In the early 1980s Martin had the idea of updating the play, only with the difference that Cyrano would get the girl in the end. He decided to write the screenplay himself, writing 25 drafts over three years.

The film was greenlit at Columbia by then-production chief Guy McElwaine. He was replaced by David Puttnam who liked the script, continued the studio's support and suggested the casting of Daryl Hannah. It was the first film released under Puttnam's auspices at Columbia.

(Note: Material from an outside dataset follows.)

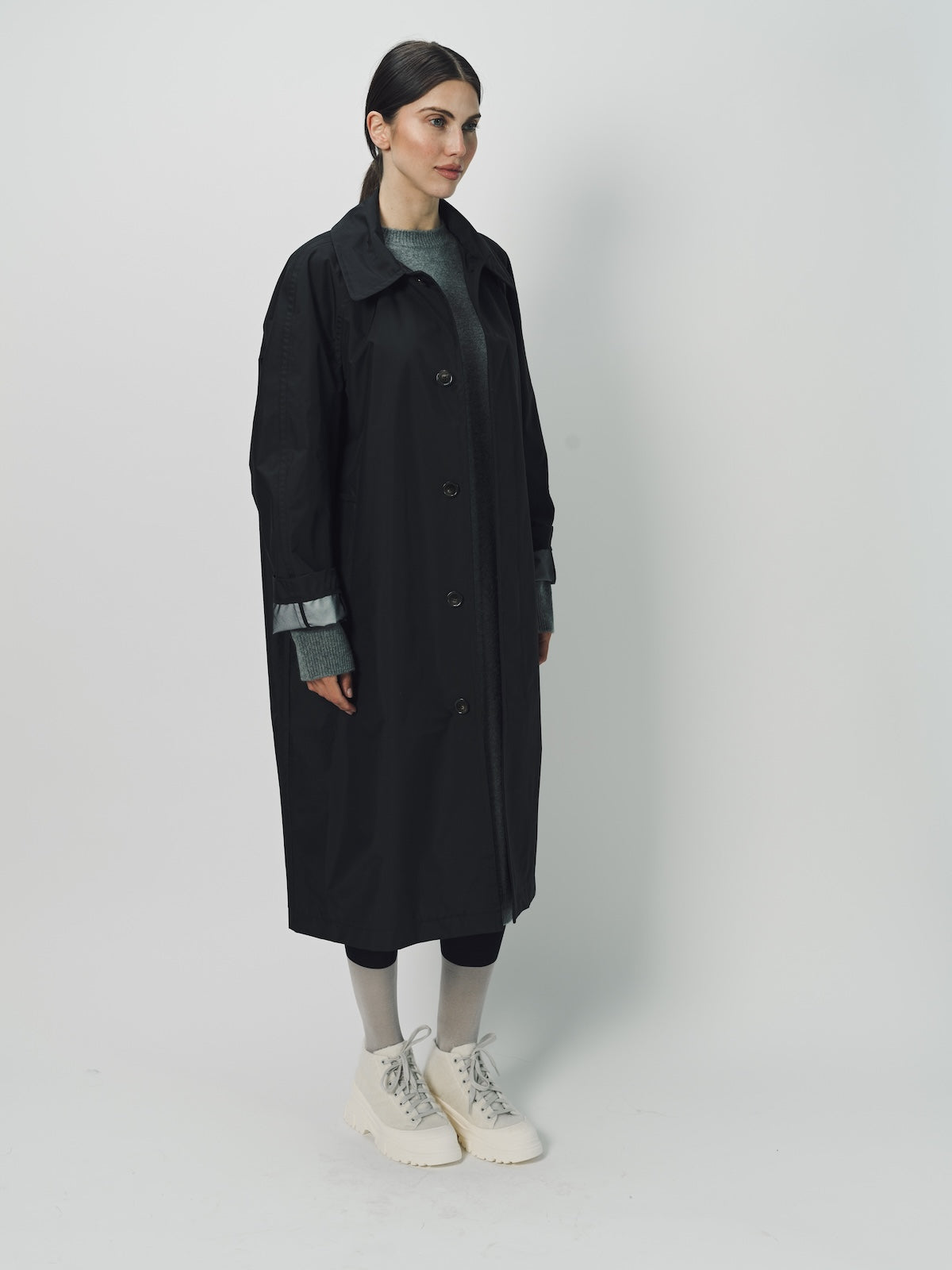 Sofie D'Hoore Woven Nylon Curtis Trench Coat 32 / Black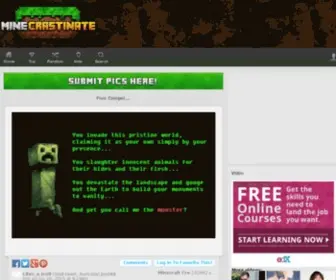 Minecrastinate.com(Amazing Minecraft Creations and Funny Pics) Screenshot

Roxanne was filmed in the summer of 1986 in the town of Nelson, British Columbia. Steve Martin chose to use the local fire hall on Ward Street as a primary set. Although the movie has references to the  town's name being "Nelson", it is portrayed as being in the USA. The mailboxes which figure in the plot are USPS blue, not Canada Post red. In the bar scenes, neon signs for Miller beer show the advertising slogan of the time: "Made the American Way", which was not used in Canada. There is also a scene which shows the fire truck to have a Washington license plate, which complements an earlier scene in which Martin's character makes a reference to Seattle.

Steve Martin's nose makeup took 90 minutes to apply every day and two minutes to take off. "God how I hated that thing", he said.

Reception

Critical response 
Roxanne received an 88% approval rating on Rotten Tomatoes based on 40 reviews, with the consensus being: "Though its sweetness borders on sappiness, Roxanne is an unabashedly romantic comedy that remains one of Steve Martin's funniest". Metacritic gave film a score of 73 based on 19 reviews, indicating "generally favorable reviews".

Roger Ebert hailed the film as a "gentle, whimsical comedy", giving it a 3 and half stars of four, also stating: "What makes "Roxanne" so wonderful is not this fairly straightforward comedy, however, but the way the movie creates a certain ineffable spirit".

It is number #71 on Bravo's "100 Funniest Movies".

Accolades 
It has also won and has been nominated for a number of awards, including:

 Golden Globe Award: Nominated: Best Performance by an Actor in a Motion Picture – Comedy/Musical: Steve Martin
 LAFCA Award: Won (Tied): Best Actor: Steve Martin (Tied with Jack Nicholson for Ironweed (1987) and The Witches of Eastwick (1987).)
 NSFC Award: Won: Best Actor: Steve Martin
 WGA Award (Screen): Won: Best Screenplay Based on Material from Another Medium: Steve Martin

References to the play 
 The historical Cyrano de Bergerac wrote of a journey to the Moon and to the Sun, and Roxanne alludes to this in a scene where Bales jokes about UFOs and aliens. Additionally, that scene mirrors one in the play where Cyrano pretends to fall out of a tree to distract another wooer of Roxanne.
 The names of all three main characters are based on their counterparts in the play. C.D. Bales has the same initials as Cyrano de Bergerac, Roxanne's name is a slight alteration of Roxane, and Chris is a shortened form of Christian.
 The "20 Nose Insults" speech in the film mirrors a similar speech in the play. It even adapts a line from the play:

Cyrano: "Oh, how you must love the little birds so much that when they come and sing to you, you give them this to perch on."
C.D.: "You must love the little birdies to give them this to perch on."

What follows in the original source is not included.